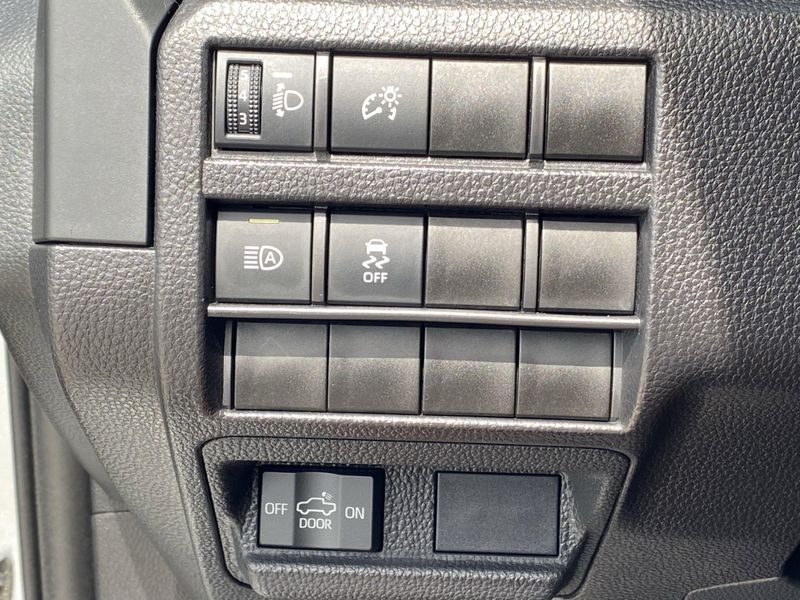 Used 2024 Toyota Tacoma SRImage 23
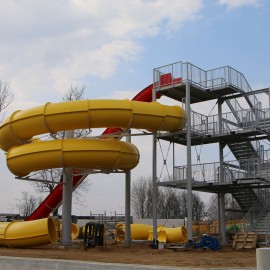 Legnicki Park Wodny AquaFun. Powstaje nowoczesne i pełne atrakcji kąpielisko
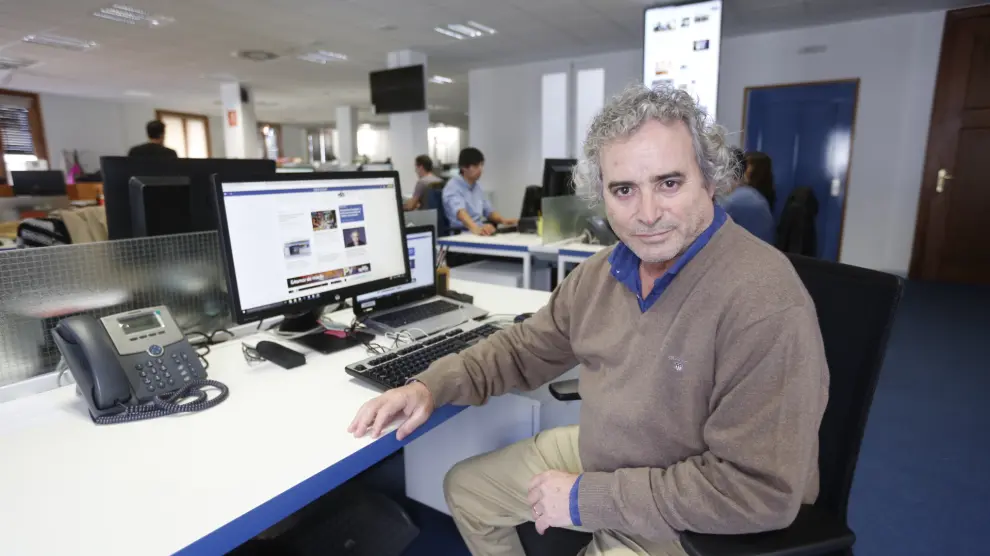 Ildefonso Falcones visita la redacción de Heraldo.es
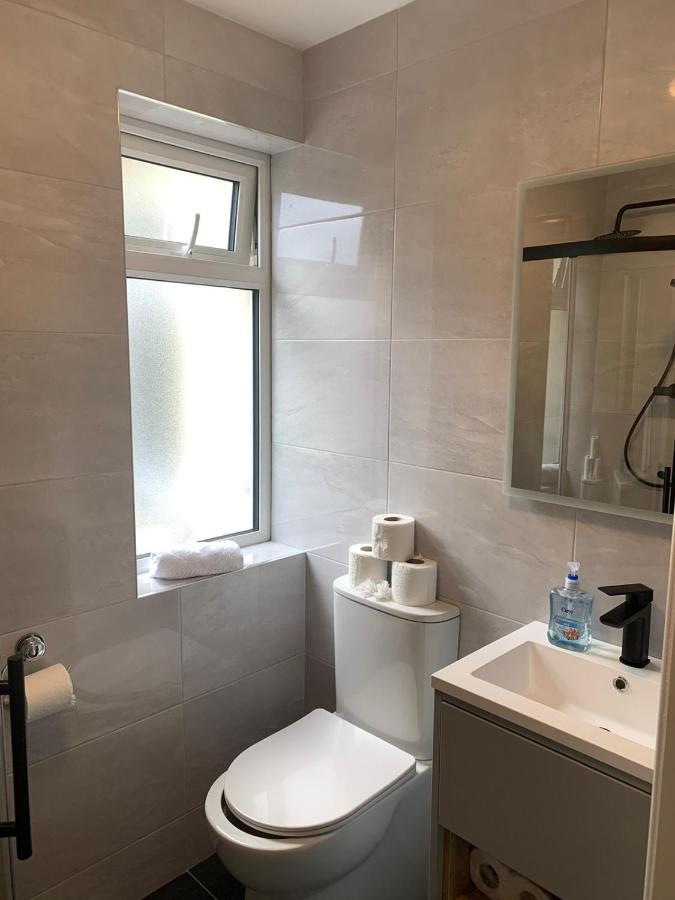 Eyre Square Lane Budget Rooms 골웨이 외부 사진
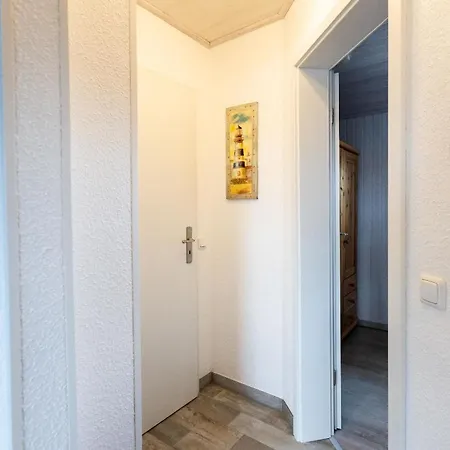 Διαμέρισμα Lily 04 3 Mit Balkon In West Lage Befindet Sich Ohne Durchgangsverkehr In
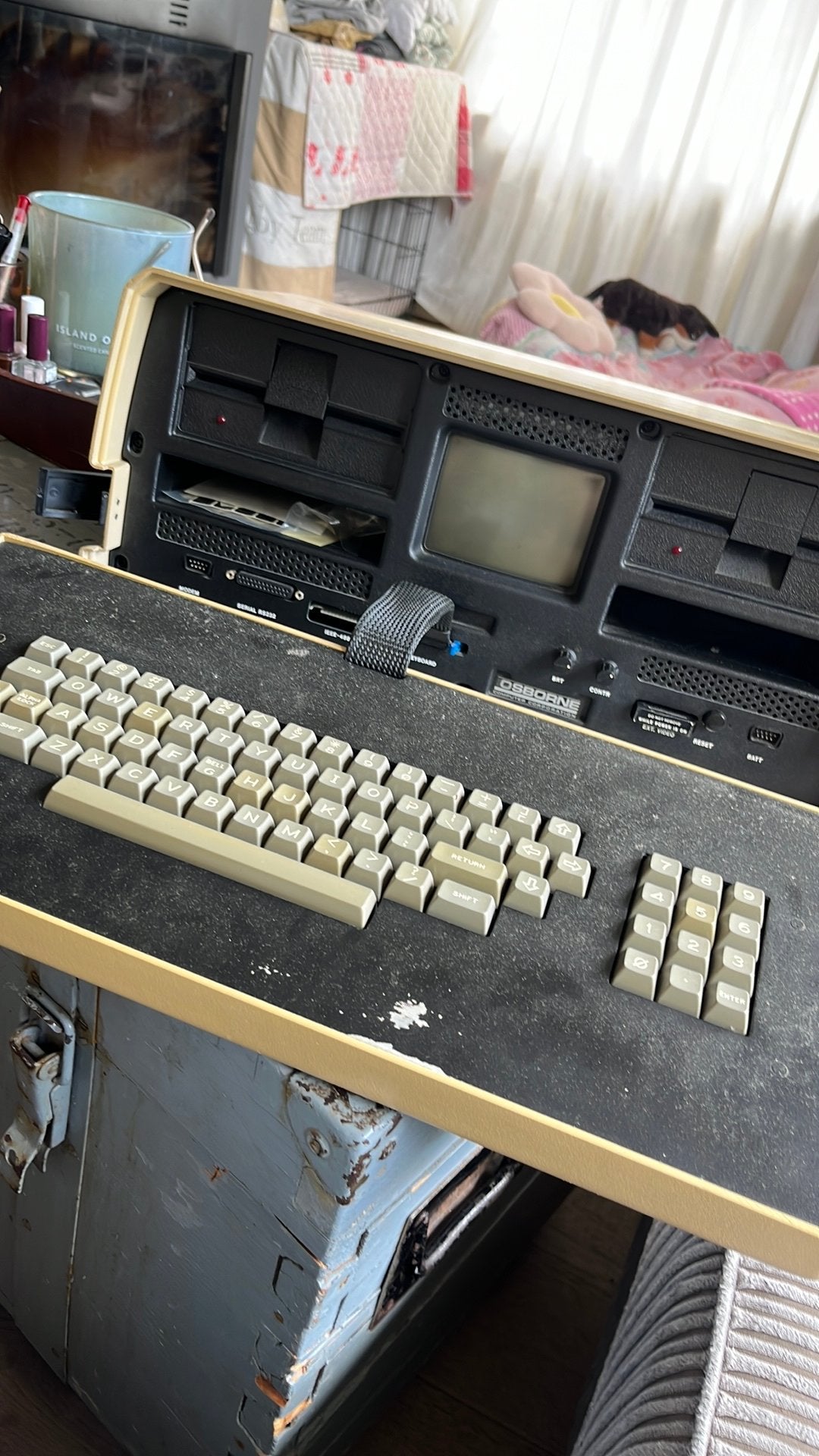 Draagbare computer 1981 Osborne 1 met maar liefst 64 KB RAM, Computers en Software, Vintage Computers, Ophalen of Verzenden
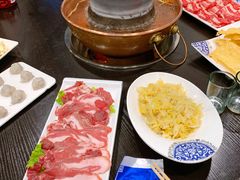 -楼外楼大刀肉传统火锅(西安大路店)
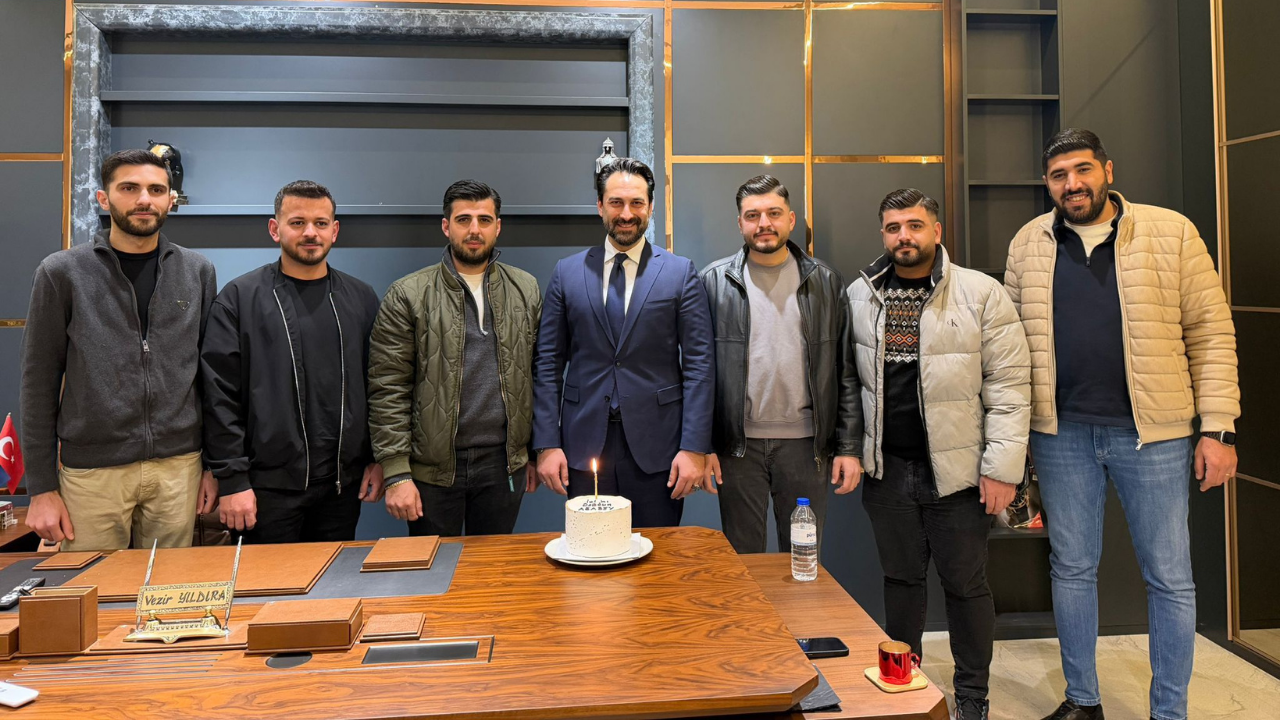 Veziroğlu Inşaatta Doğum Günü Sürprizi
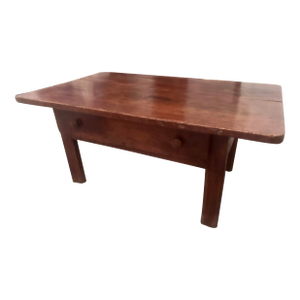 Antique French Provincial Coffee Table With Drawer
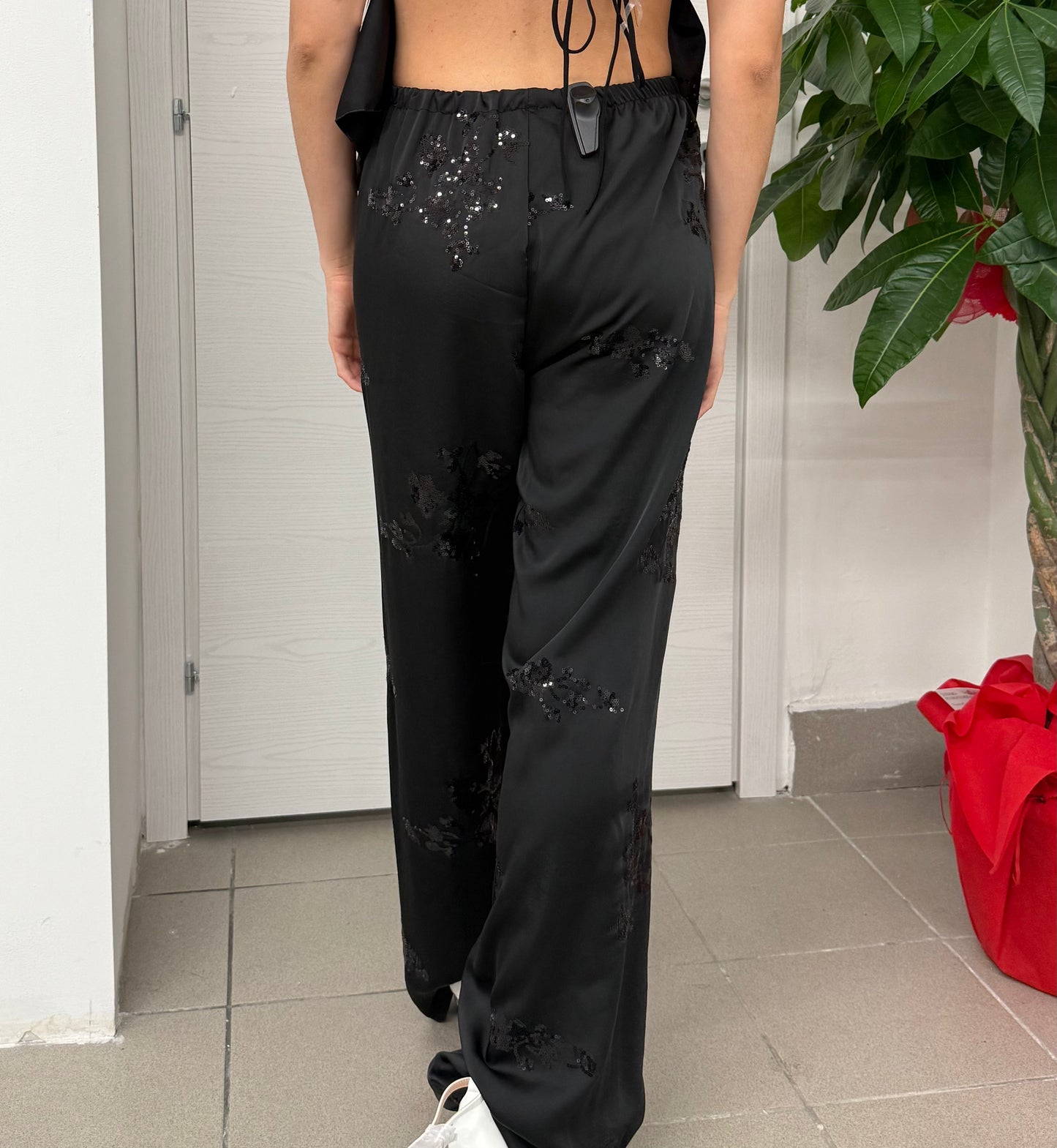 Pantalone con fiori a pallettes FGD MODA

⁂

__Aim of the exercise__. Where an entry includes an image, skip the image and return everything else exactly.

__Response for this exercise__.
 Used 2024 Toyota Tacoma SRImage 23
 Legnicki Park Wodny AquaFun. Powstaje nowoczesne i pełne atrakcji kąpielisko
 Ildefonso Falcones visita la redacción de Heraldo.es
 Eyre Square Lane Budget Rooms 골웨이 외부 사진
 Διαμέρισμα Lily 04 3 Mit Balkon In West Lage Befindet Sich Ohne Durchgangsverkehr In
 Draagbare computer 1981 Osborne 1 met maar liefst 64 KB RAM, Computers en Software, Vintage Computers, Ophalen of Verzenden
 -楼外楼大刀肉传统火锅(西安大路店)
 Veziroğlu Inşaatta Doğum Günü Sürprizi
 Antique French Provincial Coffee Table With Drawer
 Pantalone con fiori a pallettes FGD MODA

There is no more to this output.